I worked out by adding up the products I use, that my period costs £10.34 a month (not including all the comfort chocolate and lost productivity…), so in a year of 12 periods that’s £124.08. Sometimes, depending on the frequency of your cycle, and how many days your period lasts for, you can have 13, 14 or even 15 periods a year – let’s take a moment to send positive love and vibes over to those poor, unfortunate souls. But by buying a MoonCup at £19.99 over 3 years of periods I would be saving £352.25! I could go on a cheap holiday to Italy just on period money! So, whilst the old me is splashing cash on little cotton, environment-destroying corporate-backed soldiers, the new me is drinking wine, while politely declining olives (disgusting), on a gondola, discussing art in the sun with all my tampon liberated friends. Well, doesn’t that sound lovely? If that’s not resonating with you as desirable how about 35 months of Netflix? 234 large Galaxy chocolate bars? 176 copies of Vogue?
Now when you change to a new thing, whether it be a new sport, new school or new period device, you definitely have questions. The FAQ sections on both the DivaCup and MoonCup websites are very good at answering all of these, but one playing on my mind was how do you change a period cup in a public bathroom? But I need not have feared any awkwardness, the companies suggest having a little bottle of water in your bag and rinsing the cup over the toilet before reinserting. EASY! Also, if you’re thinking ‘I don’t always have a water bottle on me’, well, you should, because dehydration is the worst. It makes you lightheaded, gives you headaches and makes you tired… Just the classic Monday? NO. You’re probably dehydrated, and maybe also went a little heavy at the weekend. But if you find yourself waterless, they suggest that wiping the cup and reinserting is also fine. With a period cup, you can do everything you can do with a tampon, and actually even more, because you have to reinsert less frequently giving you more time to smash the patriarchy.
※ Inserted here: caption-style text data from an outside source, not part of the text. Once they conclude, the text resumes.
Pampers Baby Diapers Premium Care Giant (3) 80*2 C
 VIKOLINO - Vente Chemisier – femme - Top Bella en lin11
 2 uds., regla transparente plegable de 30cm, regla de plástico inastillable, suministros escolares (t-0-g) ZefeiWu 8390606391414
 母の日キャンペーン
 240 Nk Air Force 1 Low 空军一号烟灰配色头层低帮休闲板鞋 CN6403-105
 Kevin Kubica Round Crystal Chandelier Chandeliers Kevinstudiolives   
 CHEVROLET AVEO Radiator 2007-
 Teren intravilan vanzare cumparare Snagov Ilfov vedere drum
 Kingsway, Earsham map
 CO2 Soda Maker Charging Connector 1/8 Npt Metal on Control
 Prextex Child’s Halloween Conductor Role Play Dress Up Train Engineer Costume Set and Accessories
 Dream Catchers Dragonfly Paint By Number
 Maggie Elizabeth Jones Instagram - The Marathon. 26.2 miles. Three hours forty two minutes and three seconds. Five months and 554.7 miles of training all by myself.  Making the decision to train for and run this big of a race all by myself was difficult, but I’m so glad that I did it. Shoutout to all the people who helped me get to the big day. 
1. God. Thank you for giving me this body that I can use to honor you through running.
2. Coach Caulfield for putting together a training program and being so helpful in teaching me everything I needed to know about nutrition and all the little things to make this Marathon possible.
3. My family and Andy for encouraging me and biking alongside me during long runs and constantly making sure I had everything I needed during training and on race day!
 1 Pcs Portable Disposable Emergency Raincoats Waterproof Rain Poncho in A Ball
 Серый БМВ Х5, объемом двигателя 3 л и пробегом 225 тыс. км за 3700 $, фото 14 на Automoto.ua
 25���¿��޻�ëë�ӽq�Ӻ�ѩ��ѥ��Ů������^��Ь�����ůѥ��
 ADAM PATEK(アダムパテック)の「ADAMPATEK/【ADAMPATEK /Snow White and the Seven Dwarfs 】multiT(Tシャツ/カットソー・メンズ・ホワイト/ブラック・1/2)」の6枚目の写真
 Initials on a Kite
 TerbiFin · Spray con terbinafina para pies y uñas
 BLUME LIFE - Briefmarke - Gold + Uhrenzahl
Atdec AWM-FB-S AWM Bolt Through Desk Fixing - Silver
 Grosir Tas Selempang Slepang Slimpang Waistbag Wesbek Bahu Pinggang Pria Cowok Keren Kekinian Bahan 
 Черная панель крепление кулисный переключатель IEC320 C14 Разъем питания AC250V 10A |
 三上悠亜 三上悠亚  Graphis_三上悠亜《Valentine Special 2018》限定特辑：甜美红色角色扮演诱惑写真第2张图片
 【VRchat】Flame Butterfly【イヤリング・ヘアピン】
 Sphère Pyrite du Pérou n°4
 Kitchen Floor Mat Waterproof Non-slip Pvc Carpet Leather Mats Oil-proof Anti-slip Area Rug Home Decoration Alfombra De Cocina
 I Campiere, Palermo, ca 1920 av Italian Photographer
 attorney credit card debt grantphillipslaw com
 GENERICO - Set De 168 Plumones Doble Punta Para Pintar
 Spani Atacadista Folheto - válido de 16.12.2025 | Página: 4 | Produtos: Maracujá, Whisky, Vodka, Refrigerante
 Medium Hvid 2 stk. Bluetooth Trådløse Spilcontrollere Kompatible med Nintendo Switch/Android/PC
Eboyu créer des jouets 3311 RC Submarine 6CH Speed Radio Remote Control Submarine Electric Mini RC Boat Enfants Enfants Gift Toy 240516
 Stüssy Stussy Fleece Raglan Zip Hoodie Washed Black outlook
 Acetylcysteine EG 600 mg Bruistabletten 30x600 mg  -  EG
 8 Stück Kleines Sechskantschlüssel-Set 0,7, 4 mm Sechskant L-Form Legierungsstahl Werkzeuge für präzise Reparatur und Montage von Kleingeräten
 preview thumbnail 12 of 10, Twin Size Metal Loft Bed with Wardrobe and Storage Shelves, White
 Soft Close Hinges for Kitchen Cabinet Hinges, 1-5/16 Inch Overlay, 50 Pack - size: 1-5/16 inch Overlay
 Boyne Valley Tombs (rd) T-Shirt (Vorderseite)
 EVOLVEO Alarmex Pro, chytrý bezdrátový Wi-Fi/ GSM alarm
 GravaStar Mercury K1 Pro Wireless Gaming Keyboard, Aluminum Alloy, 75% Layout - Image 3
So, economically we know period cups are dope! But just think about how much less waste you are supplying to landfill, and how free of tampons sewer systems would be. Even better, the less people stuffing money into the disposable tampon, pad, liner industry, the less products they would need to make, reducing greenhouse gas emissions!
The period cup will not hold you back, it will set you free, economically, morally and from the grips of the businesses tricking you into thinking that your natural bodily functions need to drain your wallet and destroy the planet. YOU ARE FREE. Put on a long flowy skirt, find a field of yellow flowers, apply an Instagram filter, run like the wind and never look back. During writing this I have purchased my very own MoonCup, and for the first time ever I am excited to get my period. Let’s all get period cups and tell our sisters, mothers, best friends, bosses and even our frenemies, that they should get one too. Then you brilliant, brave and intelligent person can throw a punch in the air, because you are eco-friendly right down to your pants.